Question

What is the ionic form of the following unbalanced equation `MnO_2 + HNO_2 -> Mn(NO_3)_2 + H_2O`?

Answer 1

You gots a redox reaction of the form....

`HONO(aq) +MnO_2(s) +H^(+) rarr Mn^(2+) +H_2O(l)+NO_3^(-)`

Explanation:

How do we get to this?

Well, `"manganese(IV) oxide"` is reduced to `Mn(II)`:

`MnO_2(s) +4H^(+) + 2e^(-) rarr Mn^(2+) +2H_2O(l)` `(i)`

And, `"nitrous acid"` is oxidized to `"nitrate ion"`:

`HONO(aq) +H_2O(l) rarr NO_3^(-)+ 3H^+ + 2e^(-)` `(ii)`

And we just add `(i) + (ii)` together......

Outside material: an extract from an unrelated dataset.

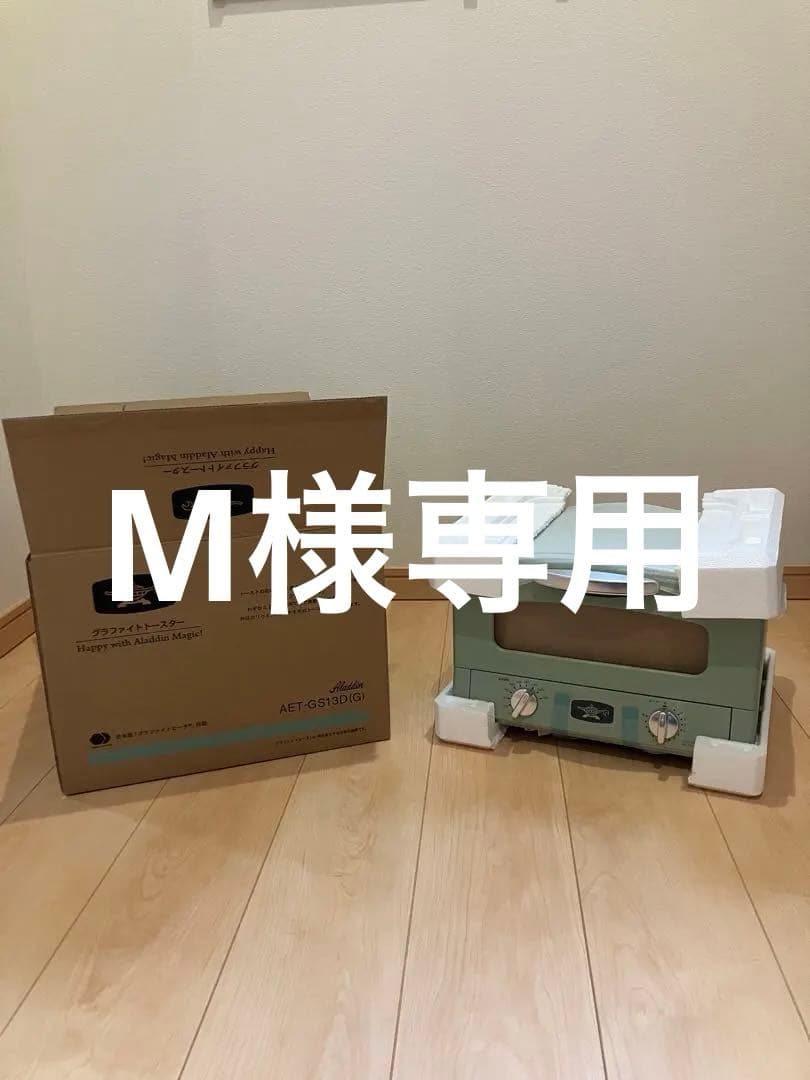 M　新品未使用品　ALADDINトースター　AET-GS13D(G)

`HONO(aq) +cancel(H_2O(l)) +MnO_2(s) +cancel4H^(+) + cancel(2e^(-))rarr Mn^(2+) +cancel2H_2O(l)+NO_3^(-)+ cancel(3H^+ + 2e^(-))`

To give finally.....

`HONO(aq) +MnO_2(s) +H^(+) rarr Mn^(2+) +H_2O(l)+NO_3^(-)`